Full Year and Fourth Quarter 2021 Financial Results

Net sales for the full year 2021 totaled $210.4 million as compared to $147.8 million for 2020, an increase of 42% primarily driven by the Company’s first complete year in the New Jersey medical market and retail growth in Pennsylvania, reflecting the acquisition of KCR in May of 2021, as well as a full year of operations at the three existing Apothecarium dispensaries. Total revenue also benefitted from the late 2020 expansion of State Flower cultivation in California and entry into Maryland through the acquisition of HMS Health in May of 2021.

Net sales for the fourth quarter of 2021 were $49.2 million as compared to $49.1 million for the third quarter of 2021 and $49.6 million for the fourth quarter of 2020.

Gross margin for the full year 2021 was 53.3% as compared to 54.8% for the full year 2020.  Adjusted gross margin, a non-GAAP financial measure, for the full year 2021 was 56.1% compared with 57.2% in 2020 driven by second half under-absorption related to the reset of the Company’s Pennsylvania cultivation facility.

Gross margin for the fourth quarter of 2021 was 42.3% as compared to 43.8% in the third quarter of 2021 related to one-time non-cash write-downs of inventory in Canada and a step up in fair value of inventory related to the acquisition of HMS Health. Adjusted gross margin for the fourth quarter of 2021, excluding these one-time items, was 49.8% as compared to 46.2% for the third quarter of 2021, a 360 basis point improvement quarter-over-quarter.

General & Administrative expenses (G&A) for the full year 2021, excluding stock-based compensation, improved to 31.4% of revenue versus 37.6% of revenue in 2020. G&A excluding stock-based compensation was $66.0 million in 2021, up from $55.5 million in 2020 driven by increased personnel expenses to support the growth of the business and legal expenses primarily related to acquisitions and settlements.  Additionally, lease expense, now part of G&A under US GAAP across all periods, rather than previously being reported as finance expense under IFRS, totaled $4.5 million for 2021 and $3.8 million for 2020, representing approximately 2% of revenue.

G&A, excluding stock-based compensation, for the fourth quarter of 2021 totaled $17.0 million as compared to $16.1 million for the third quarter of 2021 with the increase primarily related to an increase in professional fees for US filer and GAAP conversion work.

Full year 2021 adjusted EBITDA was $65.6 million, or $70.1 million excluding lease expense under IFRS, versus $41.7 million, or $45.5 million excluding lease expense under IFRS in 2020, representing 57% growth year over year. 2021 adjusted EBITDA margin was 31.2% versus 28.2% in 2020, a 300 basis point improvement year over year.
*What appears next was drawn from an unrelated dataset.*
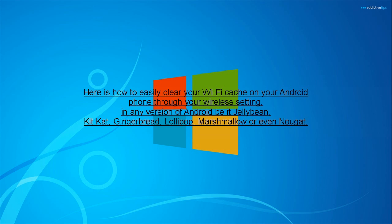in any version of Android, be it Jelly Bean, KitKat, Gingerbread, Lollipop, Marshmallow, or even Nougat.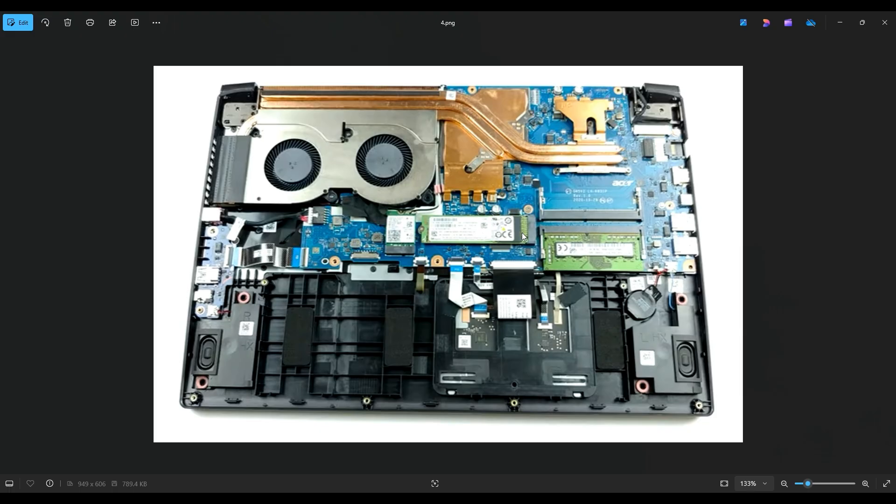But I will also have a link above and below in the description, it'll be a list of all the replacement and upgrade parts for this specific model computer.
This improvement was driven by the ramp up of New Jersey operations, the acquisition of HMS in Maryland, and profitability improvements year over year in both California and Canada.

Fourth quarter 2021 adjusted EBITDA was $11.9 million, representing a 24.2% adjusted EBITDA margin, as compared to $9.0 million and an 18.3% margin in the third quarter of 2021. This sequential improvement in adjusted EBITDA was primarily driven by growth in New Jersey and improvement in Pennsylvania. Adjusted EBITDA, excluding lease expense under IFRS, was $12.8 million in the fourth quarter of 2021 as compared to $10.5 million in the third quarter of 2021.

Operating income for the full year 2021 totaled $23.5 million as compared to $9.6 million in full year 2020, representing an increase of 145% year over year. The increase was primarily driven by the scale up of the New Jersey business and the acquisitions of HMS in Maryland and KCR in PA.

Fourth quarter 2021 operating income was $0.3 million as compared to a loss of $1.8 million for the third quarter of 2021. The improvement quarter over quarter was due to gross margin expansion and lower share based compensation expense.

Net income for the full year 2021 totaled $6.1 million, mainly related to a non-cash $58 million gain on fair value of warrant liability compared with a net loss of $142 million in the prior year, which was impacted by a non-cash $110 million loss on fair value of warrant liability.

Net loss in the fourth quarter was $5.9 million, mainly related to a one-time loss of $3.3 million in lease termination fees, $6.9 million of finance and other expenses, $6.9 million of accrued income taxes, and $2.0 million of transaction costs mostly related to the Gage acquisition. These expenses were partially offset by a $14.4 million non-cash gain on fair value of warrant liability.

Balance Sheet and Cash Flow
Cash and cash equivalents were $79.6 million as of December 31, 2021, compared to $102.6 million as of September 30, 2021 and $59.2 million as of December 31, 2020, providing ample capacity to fund planned organic and inorganic growth initiatives. During the quarter, the Company made the final payment of $25 million related to the partial buyout of its New Jersey partnership, taking ownership up to 87.5%, from 75%.

Cash used in operations was $3.8 million for the three months ended December 31, 2021, mainly driven by an increase in inventory related to the anticipated start of adult use sales in New Jersey. For the full year, cash used in operations was $32 million related to a $24 million working capital increase, mainly related to preparation for New Jersey adult use, and a contingent consideration payment of $11 million.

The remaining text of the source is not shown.